147 Tips for Emerging Scholars:
From Publishing to Time Management, Grant Seeking, and Beyond

Kathleen P. King, Ed.D., is a department chair and professor of Adult, Career, and Higher Education at the University of South Florida, Tampa. She enjoys walking the academic journey with doctoral students and candidates, and stays vitally connected to everyday needs of faculty as a certified faculty and life coach by assisting them in advancing their careers. King’s major areas of research and keynote speaking include distance learning, higher education, transformative learning, professional development, diversity issues, and instructional technology. She is the author/editor of 21 books and over 165 published articles and research papers and is co-editor of an international journal.

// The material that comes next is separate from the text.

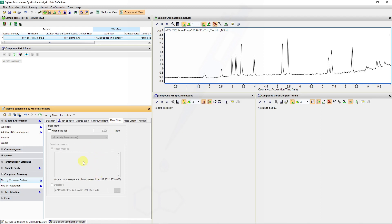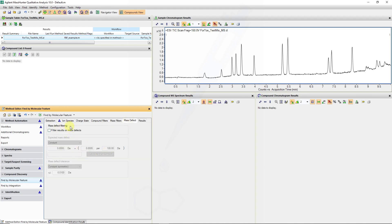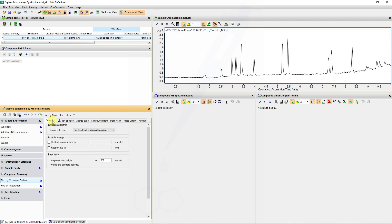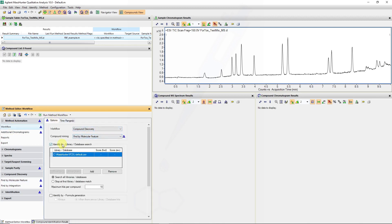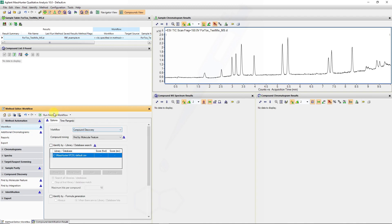For mass filters, an inclusion or exclusion list can be added here to exclude certain features. The mass defect filtering can be used to select for specific types of elements, like chlorine or a phosphate backbone — the mass defect filter is quite useful, which we can touch on later. For the extraction, we will run this workflow without any library matching or formula generation options.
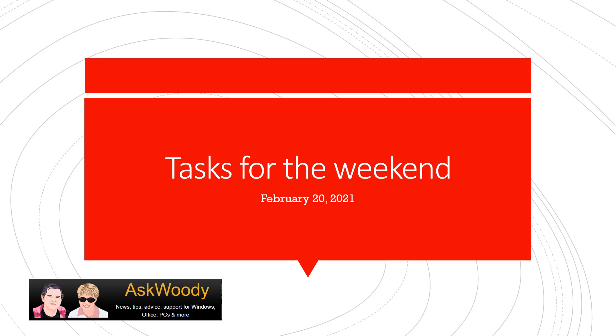This is Susan Bradley for AskWoody.com, and this is Task for the Weekend, February 20th, 2021.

King’s recent recognitions include induction into the International Continuing and Adult Education Hall of Fame (ICAE) in 2011, and the AERA Outstanding Research Publication in 2009. Her continuing international research spans China, France, and Canada. She frequently keynotes and presents refereed research and presentations at educational and interdisciplinary academic conferences. Prior to joining the USF faculty in 2010, for 13 years Dr. King was at Fordham University in New York City as a professor, program director, and university administrator. Dr. King earned her Ed.D. and M.Ed. in Higher and Adult Education from Widener University, Chester, PA.

Ann Cranston-Gingras is a professor of special education, department chair, and director of the Center for Migrant Education at the University of South Florida, Tampa. She has been the Principal Investigator and Director of many externally funded projects including currently funded federal grants serving students from migrant farm worker families. She also has been instrumental in helping to secure private funds to support students from migrant backgrounds who are preparing to become teachers and educational leaders. Her research focuses on the educational needs of youth who have been marginalized by schools and society, including students with disabilities and those from migrant farm worker backgrounds.

Cranston-Gingras’ is the author or co-author of numerous book chapters and refereed journal articles and is the co-author of the text, Teaching Learners with Diverse Abilities, and co-editor of the book, Rethinking Professional Issues in Special Education. She teaches undergraduate and graduate classes in special education and supervises doctoral students. She has mentored over twenty doctoral students through completion of their dissertation research. Dr. Cranston-Gingras’ recent recognitions include The Hispanic Heritage Society’s Pathways and Amiga awards, The Florida Department of Education Migrant Program Administrator of the Year Award, The University of South Florida Latino Association Faculty Award and the University of South Florida President’s Award for Faculty Excellence.